The flavour of butter is the highlight. Always use a good quality, “real” butter if you want to make the best biscuits!
True to temp
Make sure your butter is at the correct temperature – use unsalted butter softened to room temperature for creaming and cold, unsalted butter for biscuits and pastries that require butter to be rubbed into the flour.
Be cool
Shortbread and other butter doughs need to be chilled before rolling to stop the butter becoming too soft and the dough unmanageable. To avoid your dough sticking to the bench, try rolling between sheets of baking paper. On very hot days you may need to chill the dough before, during and after rolling, cutting and baking.
Most biscuit and shortbread doughs can be stored in the fridge for 3 to 4 days or frozen for 2 months, making it easy to get ahead and be organized.
Stop and drop the roll
If you have trouble rolling out a large piece of dough, instead form the dough into a large thick sausage shape, chill well then simply slice off rounds to bake.
Although unsalted butter is the preferred choice for bakers, spreadable butters like Western Star Soft and Spreadable Soft n Less Salt can be used straight from the fridge. For creaming butter and sugar for biscuit and cake doughs it should be used chilled.
Don’t work too hard
Shortbreads should be light, buttery and a little crumbly or “short”. Don’t overwork the dough once the flour is added and bake only until just light golden.
Creamy dream
For perfect buttercream filling for biscuits, use Western Star Soft n Less Salt straight from the fridge and make in the usual way, omitting the milk. The little touch of salt particularly compliments chocolate, coffee and caramel flavoured biscuits.
Scrap that
A great use for leftover pastry leftovers is to make shortbread crumbs. Simply place scraps on a baking tray and bake until golden. When cool either break into shards or crumble into delicious crumbs to top ice cream and desserts or use mixed with melted butter to make a cheesecake or pie crust.
Crisp up
In very humid weather, biscuits can become soft. Simply return to the oven for a few minutes to re-crisp, then cool and store as usual.

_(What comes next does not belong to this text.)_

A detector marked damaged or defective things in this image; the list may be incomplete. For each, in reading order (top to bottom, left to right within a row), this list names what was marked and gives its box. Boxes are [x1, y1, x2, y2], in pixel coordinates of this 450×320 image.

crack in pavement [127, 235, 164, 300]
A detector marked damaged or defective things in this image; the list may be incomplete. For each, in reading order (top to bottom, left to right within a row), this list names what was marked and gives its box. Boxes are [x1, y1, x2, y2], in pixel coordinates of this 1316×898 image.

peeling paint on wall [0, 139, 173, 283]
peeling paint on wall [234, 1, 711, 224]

in this case, it appears that the biscuit structure is just a lot more stable (structurally speaking) when there's less butter. When you get a lot of butter, you're kind of filling your biscuit with holes, which makes it unable to bear its own weight to rise very far.

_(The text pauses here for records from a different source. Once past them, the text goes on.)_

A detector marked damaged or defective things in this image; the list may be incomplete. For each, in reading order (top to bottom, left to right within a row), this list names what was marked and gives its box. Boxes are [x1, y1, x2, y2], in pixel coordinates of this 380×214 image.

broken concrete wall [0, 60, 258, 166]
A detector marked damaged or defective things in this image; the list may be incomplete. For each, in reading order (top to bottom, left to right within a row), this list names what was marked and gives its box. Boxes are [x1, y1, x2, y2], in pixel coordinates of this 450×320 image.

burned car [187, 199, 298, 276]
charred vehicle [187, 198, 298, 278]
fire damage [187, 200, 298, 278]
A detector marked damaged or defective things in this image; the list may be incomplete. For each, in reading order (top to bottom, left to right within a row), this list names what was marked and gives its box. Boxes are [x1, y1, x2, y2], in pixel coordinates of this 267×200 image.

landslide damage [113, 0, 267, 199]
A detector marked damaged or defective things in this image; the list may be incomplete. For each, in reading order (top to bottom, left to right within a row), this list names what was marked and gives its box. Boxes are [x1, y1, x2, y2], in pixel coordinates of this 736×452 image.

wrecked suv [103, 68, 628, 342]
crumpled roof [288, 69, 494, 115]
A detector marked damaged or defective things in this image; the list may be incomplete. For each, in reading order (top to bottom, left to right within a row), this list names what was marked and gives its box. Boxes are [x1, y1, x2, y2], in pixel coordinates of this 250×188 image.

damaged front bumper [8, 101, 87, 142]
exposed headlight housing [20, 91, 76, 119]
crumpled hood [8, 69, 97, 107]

Butter enriches baked goods by contributing tenderness and moistness, and is responsible for the flakiness in biscuits, pie crusts, and puff pastry. Because of its superior flavor, most bakers select unsalted butter over all other fats for use in baking.
In general, with baking you want to use unsalted butter so that you can control the amount of salt in your final product. I tend to follow this rule, but I did notice that even the biscuit recipe that I liked the best only called for a small amount of salt.

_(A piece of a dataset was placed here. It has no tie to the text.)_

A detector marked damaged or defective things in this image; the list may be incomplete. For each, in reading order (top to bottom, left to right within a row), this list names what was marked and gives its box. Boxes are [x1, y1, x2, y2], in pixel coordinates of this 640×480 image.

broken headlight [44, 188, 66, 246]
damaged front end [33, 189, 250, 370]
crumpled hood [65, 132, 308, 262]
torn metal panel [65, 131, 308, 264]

It's super simple and makes tall, fluffy biscuits ready for breakfast, sandwiches, and more! The secret to the best biscuits is using very cold butter and baking powder. We've made a lot of biscuits, but this easy biscuits recipe is the one we turn to the most (they are so fluffy!).
Keep in mind, this ratio of 1 part butter to 1 part flour pertains to weight, not volume. And weights aren't equivalent to cup and tablespoon measurements. So, for example, if you start with 5 tablespoons of butter (70.94 grams / 2.50 ounces) you would add half a cup of flour (72.5 grams / 2.56 ounces).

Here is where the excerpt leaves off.